I particularly enjoyed Module 3’s readings because I think that they get to what I consider the heart of public history: telling a story and making a personal connection. In our digital world, it seems easy to lose touch with the past (and with the present, quite honestly), but history can be a very grounding force, a force that historians can tap into via stories: “As public historians we had focused too much on the history, too little on the public. We had forgotten that popular history always begins and ends with village storytellers.” (4) This ties into one of my favorite blurbs from our readings, which is that historians are keepers of useful myths. (1) As a public historian, if you’re able to reconcile your content with your audience, then you’re likely going to have an exhibit that connects your content with your audience. You understand the relationship between history and stories. You want your audience to feel connected to the historical narrative that you’re telling. That’s not to say that you’re always going to be able to talk directly with your audience, nor that you’re going to be able to capture oral histories  – we can’t talk to all of our ancestors! But you can still get a litmus test on what a story means in a community. Popular conceptions. Popular misconceptions. Rumors. Sensitivities. 

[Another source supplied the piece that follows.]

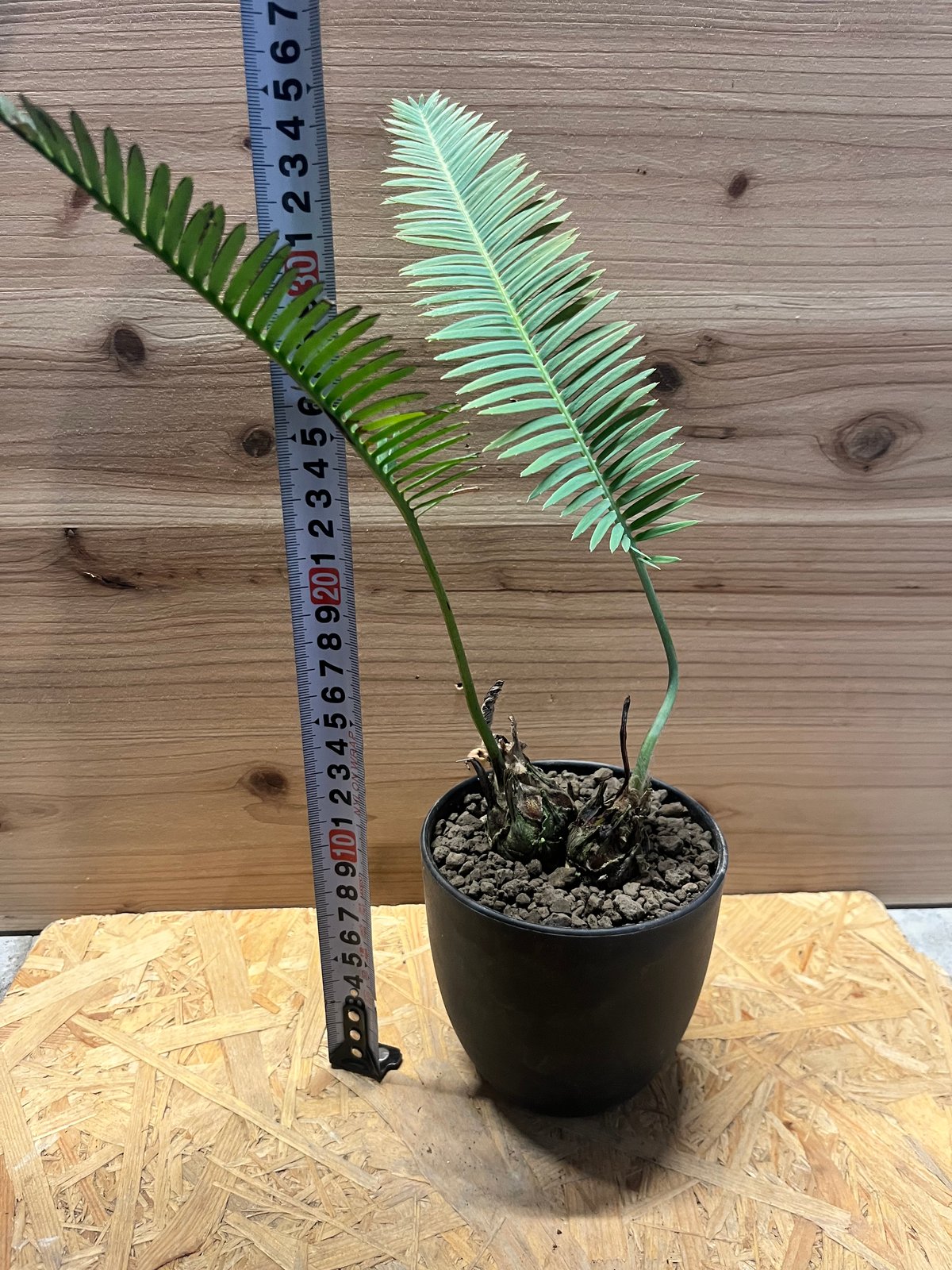 ディオーン　エデュレ3 DIOON EDULE ソテツ ディオーン・エデュレ 植物サイズ 幅 約23cm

I appreciate the general openness, inclusivity, and creative research strategy that John Kuo Wei Tchen talks about in Creating a Dialogic Museum: The Chinatown History Museum Experiment, “We want to fashion a learning environment in which personal memory and testimony inform and are informed by historical context and scholarship.” (4)

Can you handle the truth?

A public historian has done their due diligence. They’ve vetted their new exhibit’s content through the local residents, incorporated feedback, addressed concerns, fleshed out the details, and they unveil it to the community for mass consumption only to receive pushback on the narrative being told. One of the harsh realities of doing public history is that not everyone wants to hear the facts: “The stories public historians want to tell are sometimes not the stories the public wants to hear.” (1)

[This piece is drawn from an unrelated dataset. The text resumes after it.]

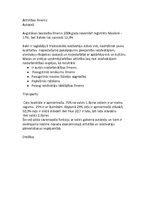 Referāts 'Tūrisma attīstības iespējas Balvu rajonā', 43.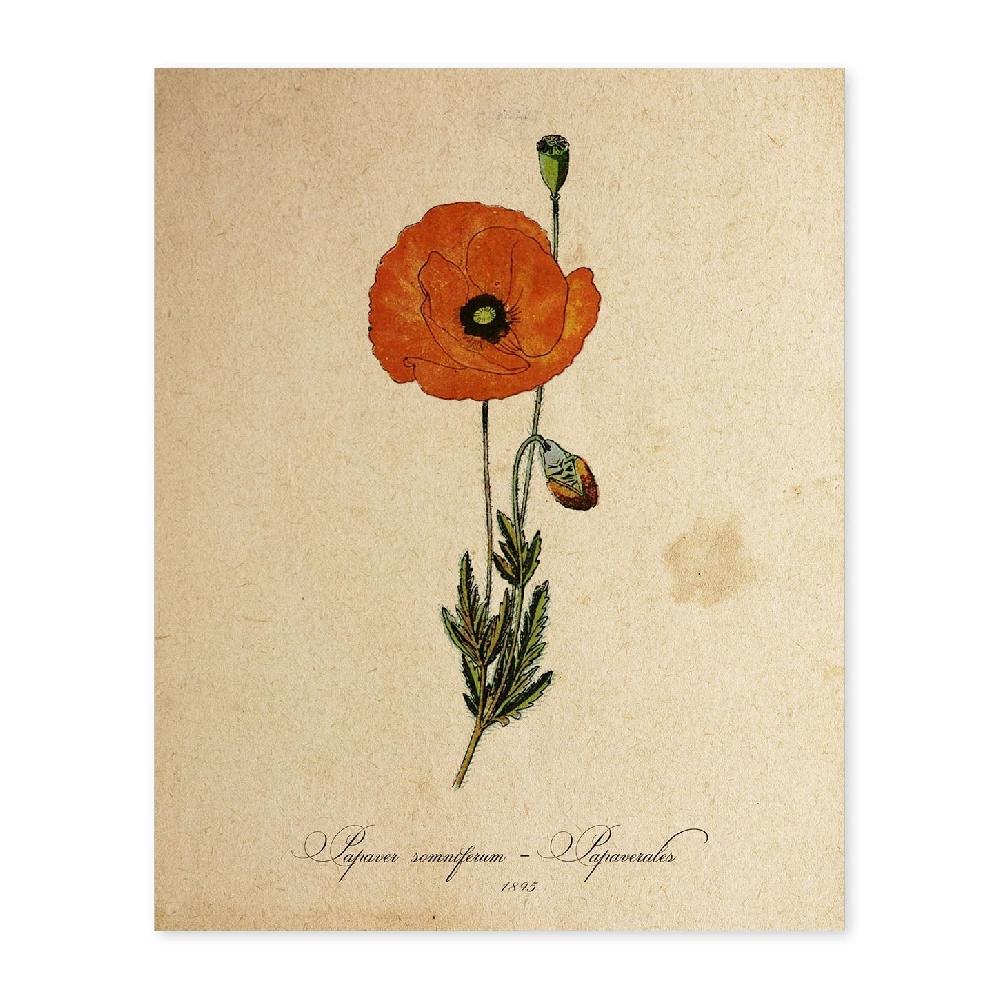 nacnic Lámina Vintage de Papaver Somniferum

Living in the Shenandoah Valley, we have lots and lots of Civil War history, so I was particularly drawn to the discussion of history vs heritage:

  • History narrates the past
  • Heritage is a person’s connection to the past

A lot of locals have ancestors who fought in the Civil War, and most weren’t slave owners – they were fighting for Virginia, their home, their heritage. That energy prevails even to this day in the 21st century, which proves challenging for local historians trying to tell the community’s (hi)story by getting a bit raw with the facts obtained using primary and secondary sources. I’ve talked with several seasoned historians from the Shenandoah Valley who have said they’ve been told many times by locals, for instance, “Slavery wasn’t bad in Winchester. Slaves had a good relationship with their masters. It wasn’t bad around here. Why are you still talking about it? It’s the past. Leave it there.”

Where does that leave historians when considering content and audience? Help the public understand their own history and, as I mentioned above, help make them better historians. Help them understand that they, too, play an important role in telling local history.

[I]t is difficult ofttimes to find in public history that sense of mission that we find in local history at its best the goal of which is to help people write, create, and understand their own history. (3)


Sources:

  1. Corbett, Katharine T. and Howard S. (Dick) Miller. “A Shared Inquiry into Shared Inquiry.” The Public Historian 28.1 (2006): 15-38.
  2. Frisch, Michael. “From A Shared Authority to the Digital Kitchen, and Back.” Letting Go?: Sharing Historical Authority in a User-Generated World, edited by Bill Adair, Benjamin Filene, and Laura Koloski, 126-137. Philadelphia: The Pew Center for Arts and Heritage, 2001.
  3. Grele, Ronald. “Whose Public? Whose History? What is the Goal of Public History?” The Public Historian 3.1 (Winter 1981): 40-48.
  4. Kuo Wei Tchen, John. “Creating a Dialogic Museum: The Chinatown History Museum Experiment.” In Museums and Communities: The Politics of Public Culture, edited by Ivan Karp, Christine Mullen Kreamer, and Steven D. Lavine, 285-326. Washington, D.C.: Smithsonian Institution Press, 1992.